TASK DETAILS → From the entries below, reproduce exactly the lines from the one with "3-пакаёвая кватэра па" through the one with "Audi S8 2014 — фото 13", both included, without images.

INPUT DATA →
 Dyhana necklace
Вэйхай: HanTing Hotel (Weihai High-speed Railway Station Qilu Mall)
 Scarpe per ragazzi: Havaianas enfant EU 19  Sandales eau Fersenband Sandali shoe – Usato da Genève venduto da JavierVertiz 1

---

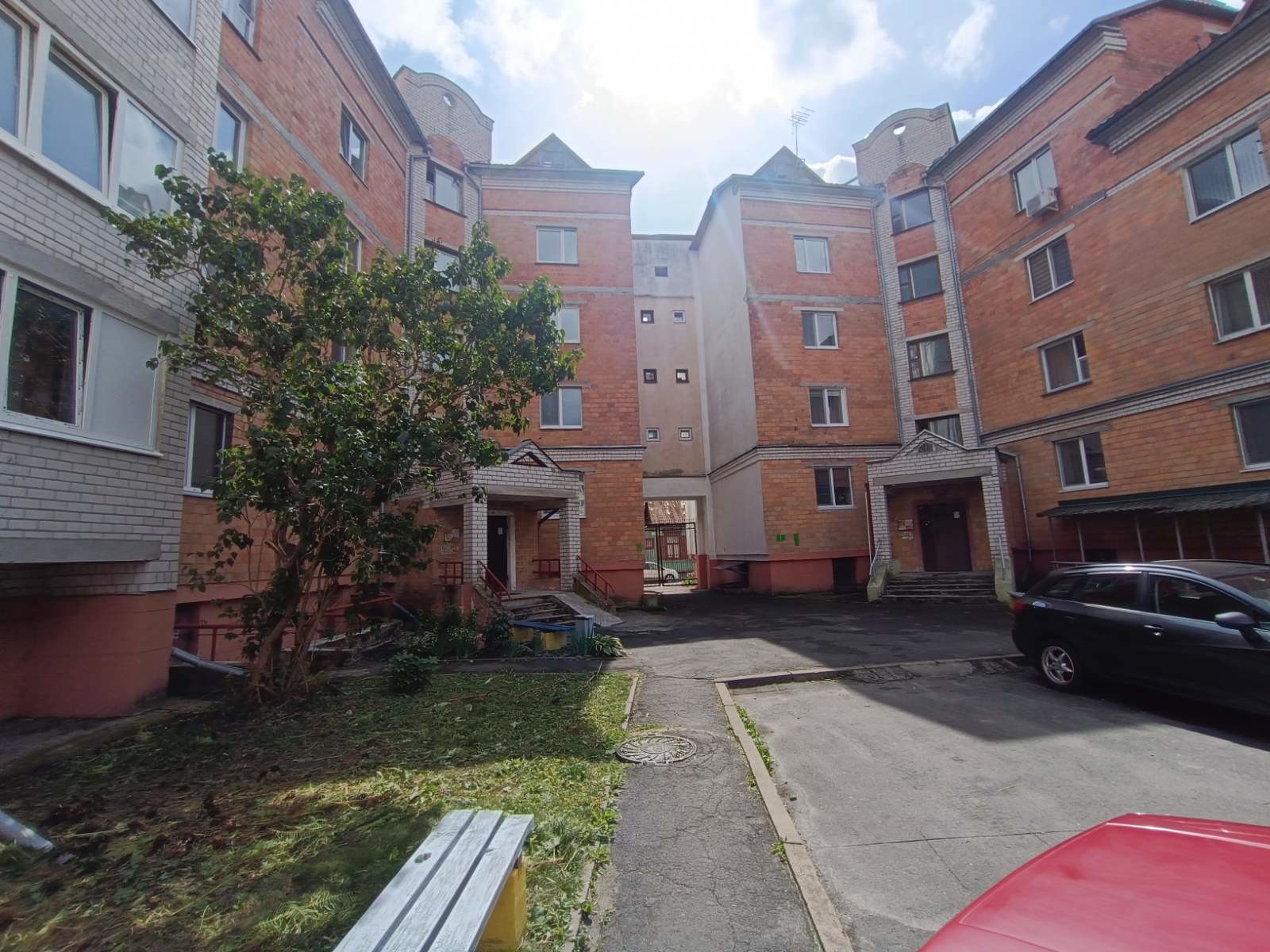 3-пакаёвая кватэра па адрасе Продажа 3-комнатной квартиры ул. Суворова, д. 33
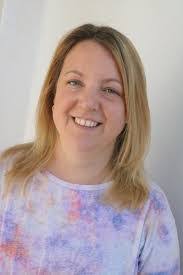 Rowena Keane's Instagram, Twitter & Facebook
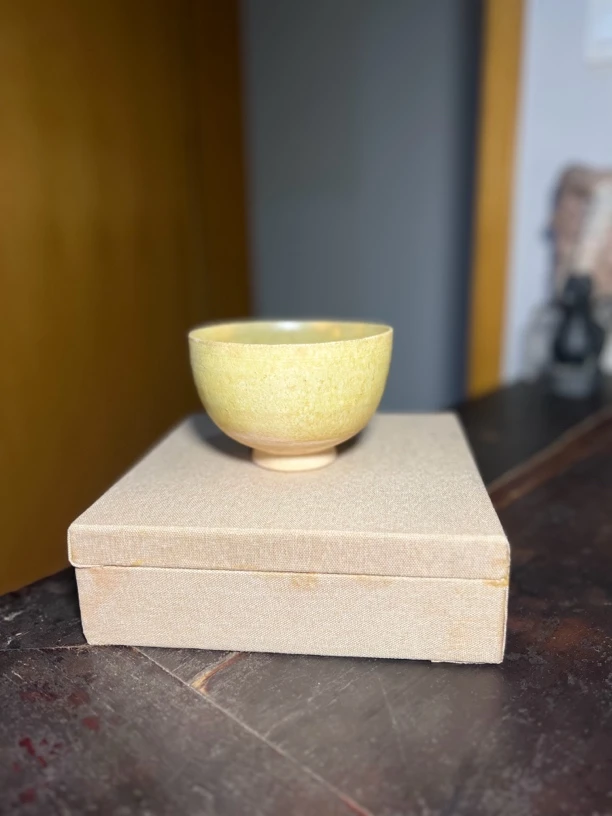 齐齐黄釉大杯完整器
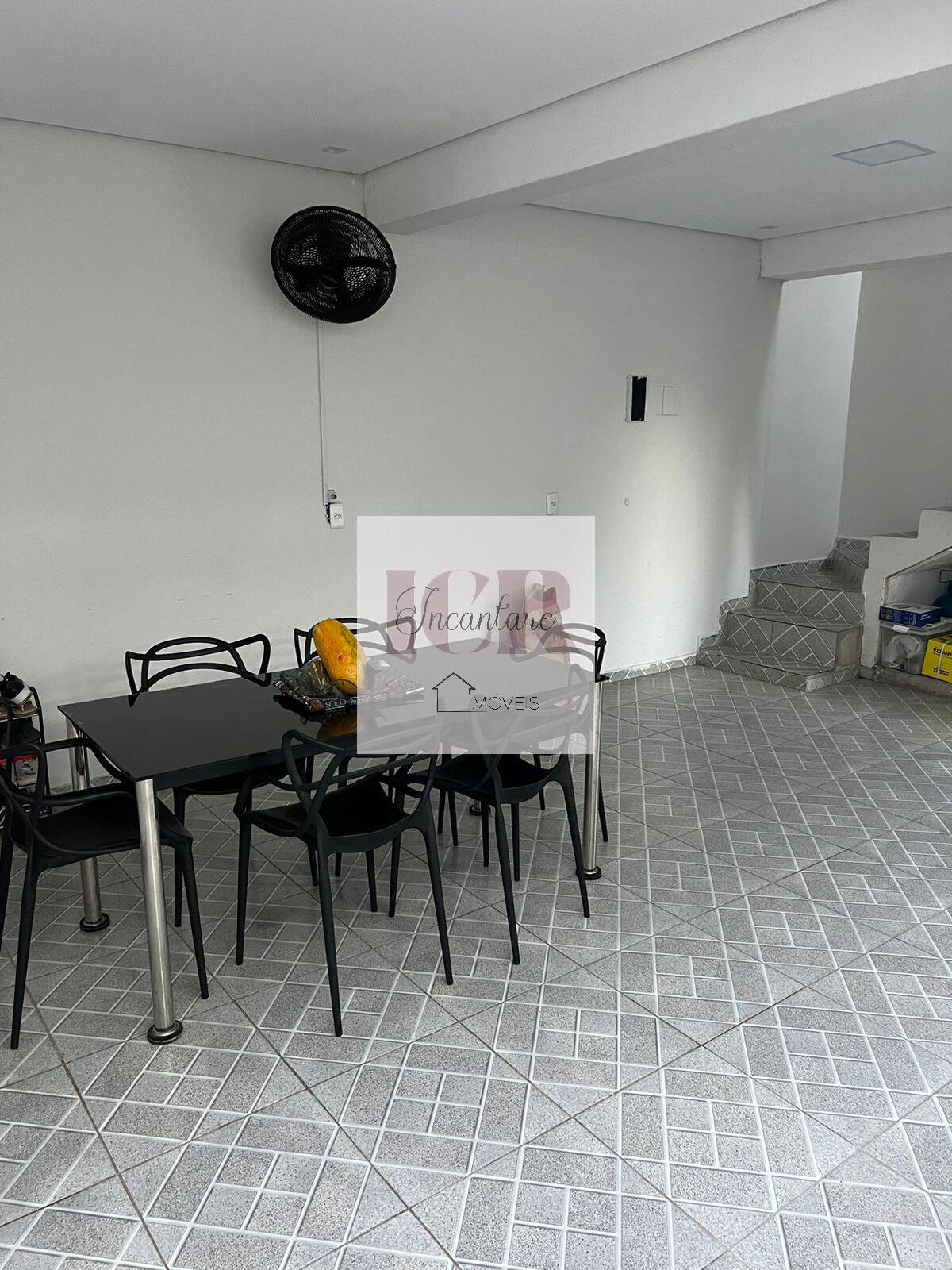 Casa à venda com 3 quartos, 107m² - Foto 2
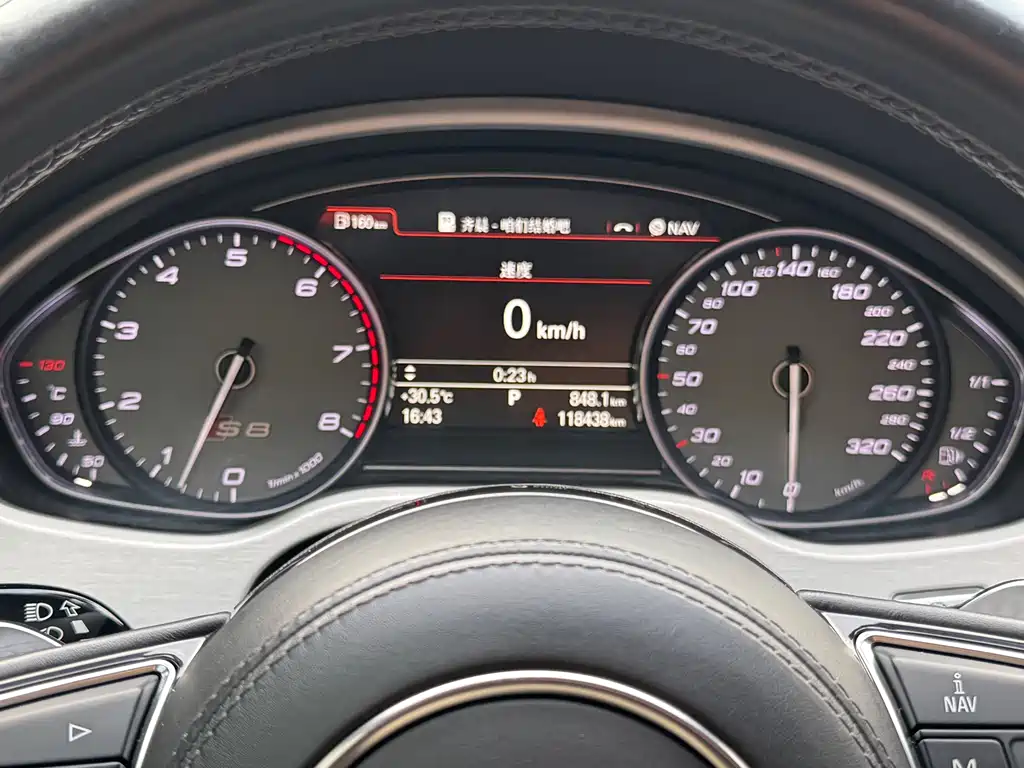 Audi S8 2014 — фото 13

==

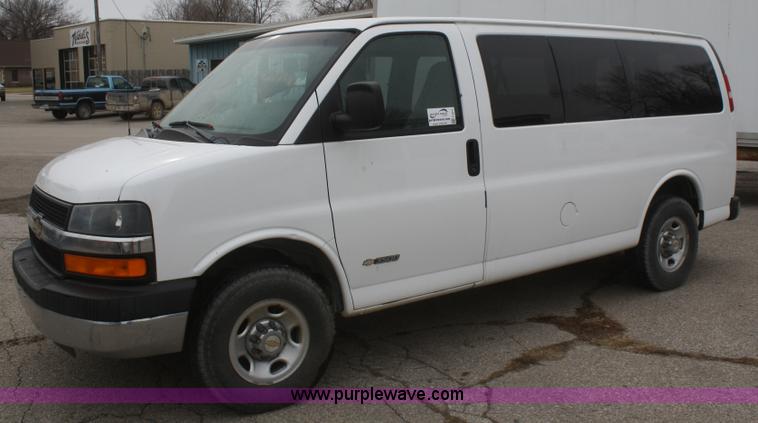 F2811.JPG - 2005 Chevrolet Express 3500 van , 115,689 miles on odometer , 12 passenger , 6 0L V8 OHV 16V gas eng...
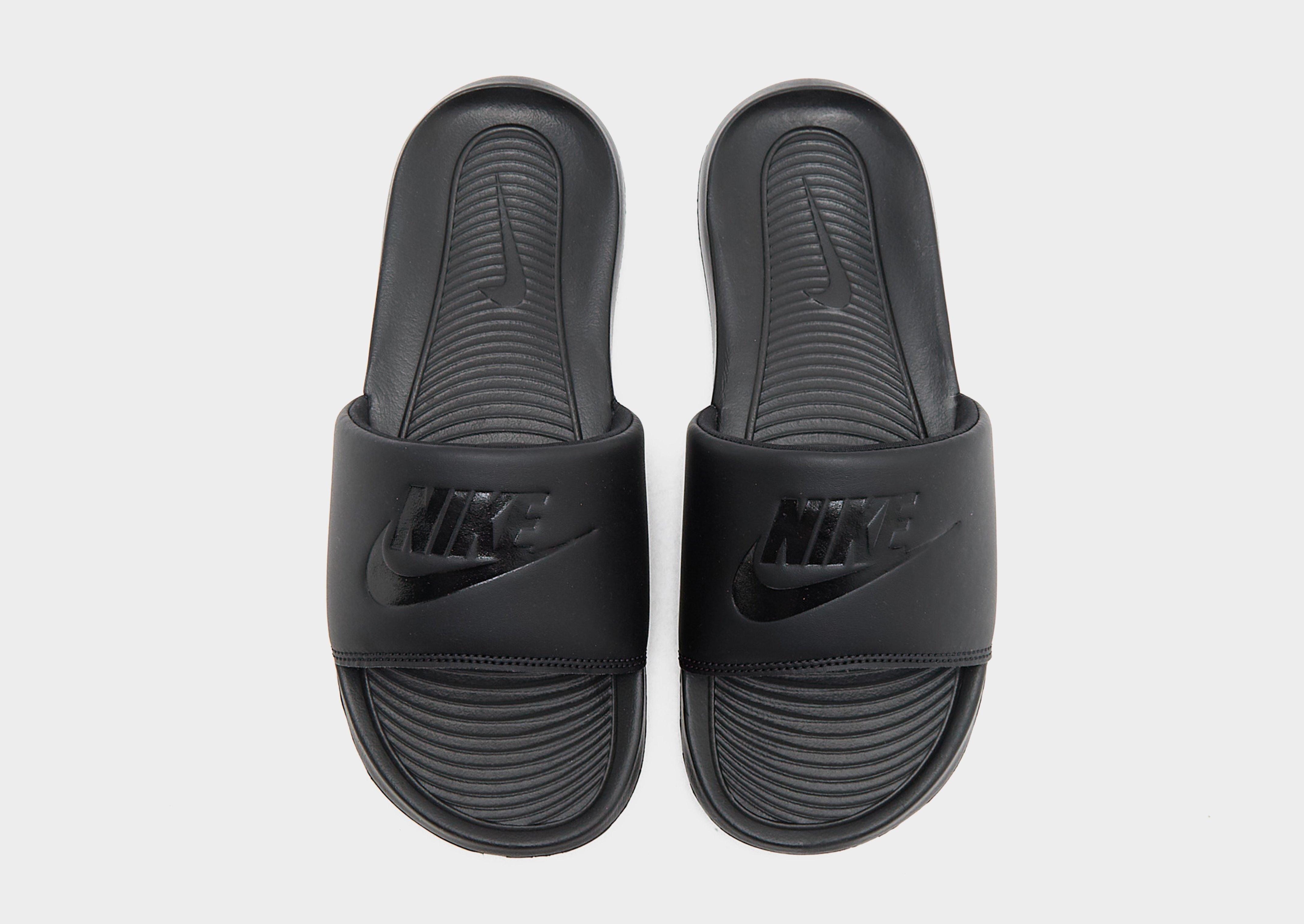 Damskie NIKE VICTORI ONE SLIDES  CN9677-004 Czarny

ANSWER SPACE →
 3-пакаёвая кватэра па адрасе Продажа 3-комнатной квартиры ул. Суворова, д. 33
 Rowena Keane's Instagram, Twitter & Facebook
 齐齐黄釉大杯完整器
 Casa à venda com 3 quartos, 107m² - Foto 2
 Audi S8 2014 — фото 13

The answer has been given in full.